== Records shown ==
= = =

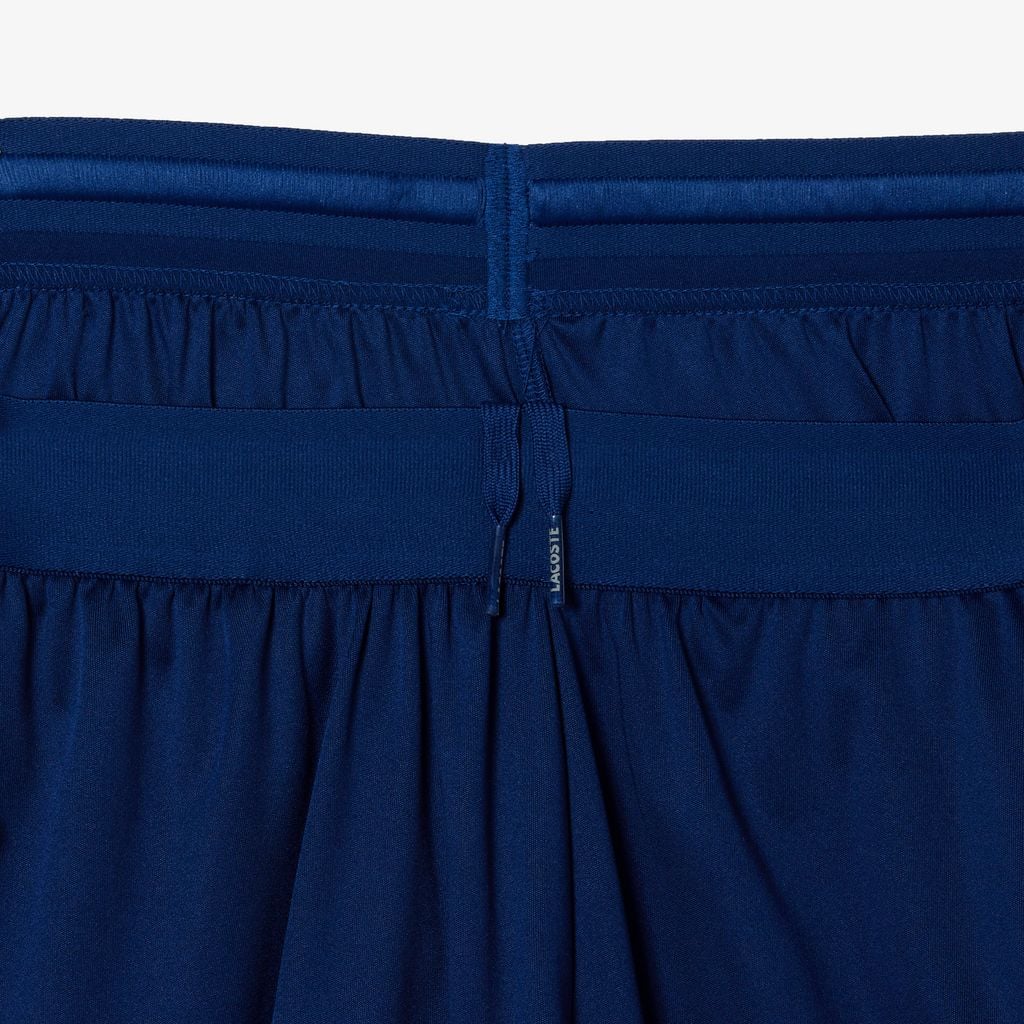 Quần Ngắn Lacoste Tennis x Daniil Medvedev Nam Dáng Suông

= = =

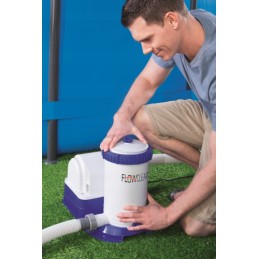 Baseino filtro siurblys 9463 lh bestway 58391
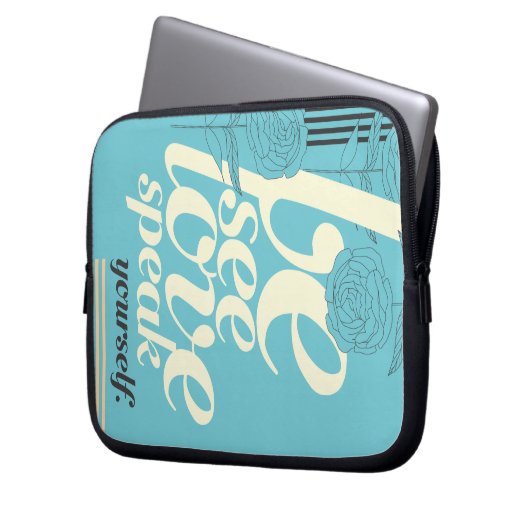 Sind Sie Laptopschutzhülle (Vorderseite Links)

= = =

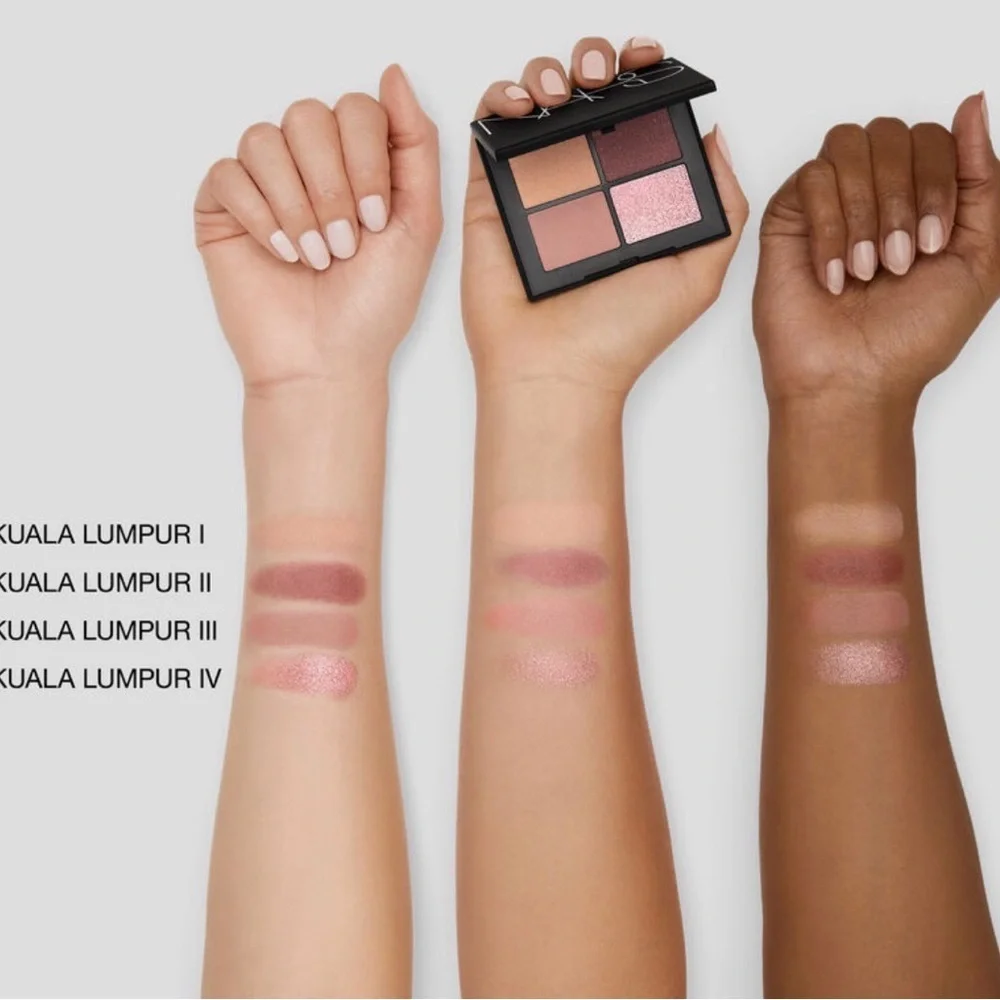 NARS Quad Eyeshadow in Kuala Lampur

= = =

== Exercise objective ==
In the listing above, find the line with "Baseino filtro siurblys" and the line with "Sind Sie Laptopschutzhülle". Set down both and every line between them, minus the pictures.

== Answer to the exercise ==
 Baseino filtro siurblys 9463 lh bestway 58391
 Sind Sie Laptopschutzhülle (Vorderseite Links)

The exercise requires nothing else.